LOS ANGELES - Rep. Carolyn Maloney, D-N.Y., introduced a bill on Tuesday that would forgive all federal and private student loan debt for front line health care workers risking their lives to fight the deadly COVID-19 pandemic.
“Front line health workers are delivering care to the sickest patients and putting their own safety at great risk in order to keep doing their jobs,” said Congresswoman Carolyn B. Maloney. “And in return, I believe that we have an obligation to ensure that they are relieved of the debt they incurred to train for this critical work – in graduate degree programs or other professional certification.”
The news came as Democrat law makers push for hazard pay for medical workers overwhelmed by the virus. Sen. Chuck Schumer, of New York, called for up to $25,000 “heroes” pay for front line health care workers.
It has not been determined who would qualify for the loan forgiveness under the bill, but a news release from Maloney’s office said that the forgiveness program would apply to “workers who have made significant contributions to COVID-19 patient care, medical research, testing and enhancing the capacity of the health care system to respond to this urgent crisis.”

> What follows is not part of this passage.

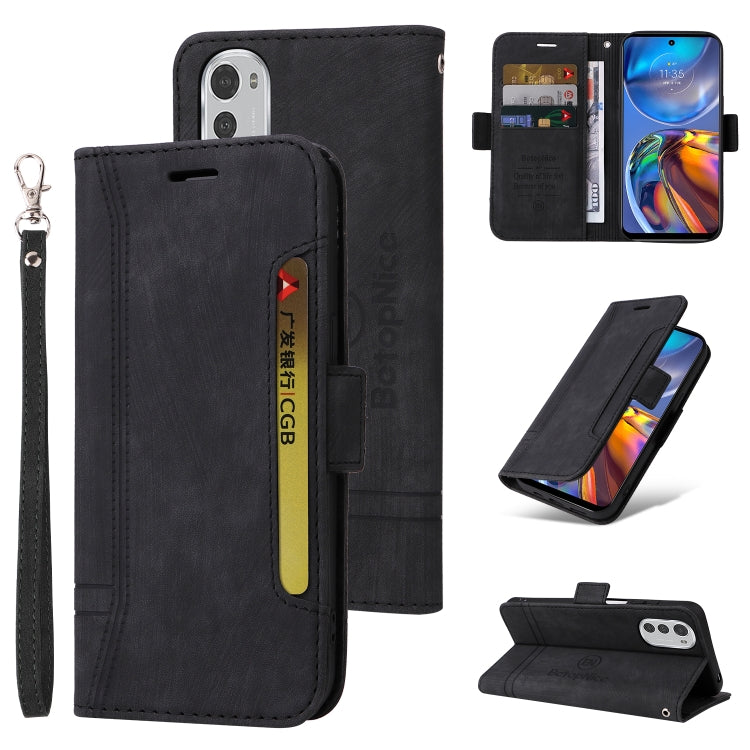 For Motorola Moto E32 BETOPNICE Dual-side Buckle Leather Phone Case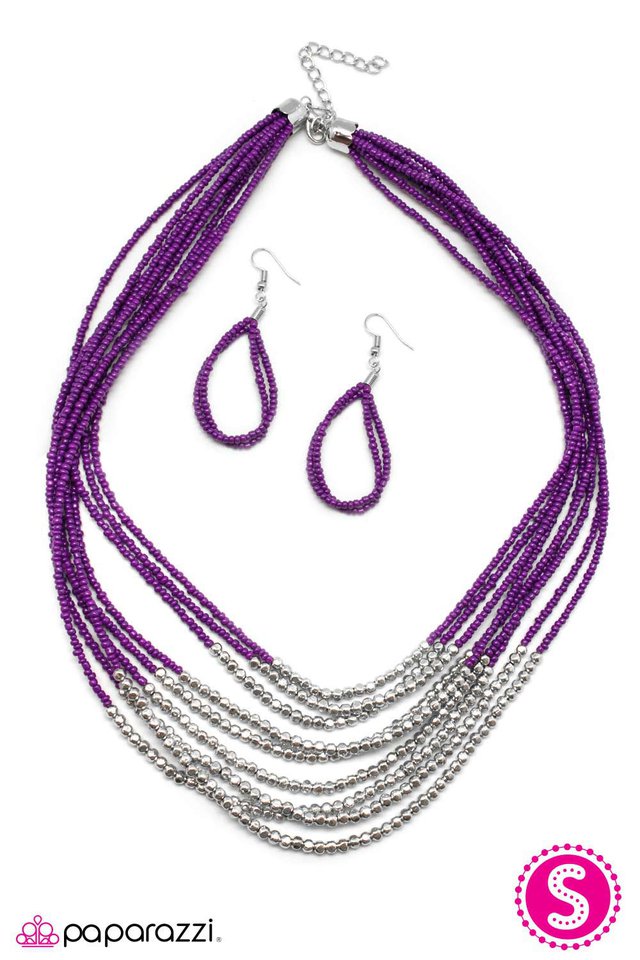 Paparazzi ♥ Time To Tango - Purple ♥ Necklace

Another House bill, which was proposed in March, included widespread student loan forgiveness capped at $30,000, which some say is not enough, as medical students on average owe approximately $200,000 according to the Association of American Medical Colleges.
Maloney’s legislation, however, aims to take the loan forgiveness further by alleviating crippling student debt completely for health care workers who have used those loans for training that has eventually led them to deal with the COVID-19 crisis.
“Health care workers are worrying about their own health and how it will affect their families. They should not have to worry about their financial security after the crisis has passed. That is a burden that we can lift right now. And this bill will do that. It will help take care of the people taking care of all of us,” added Maloney.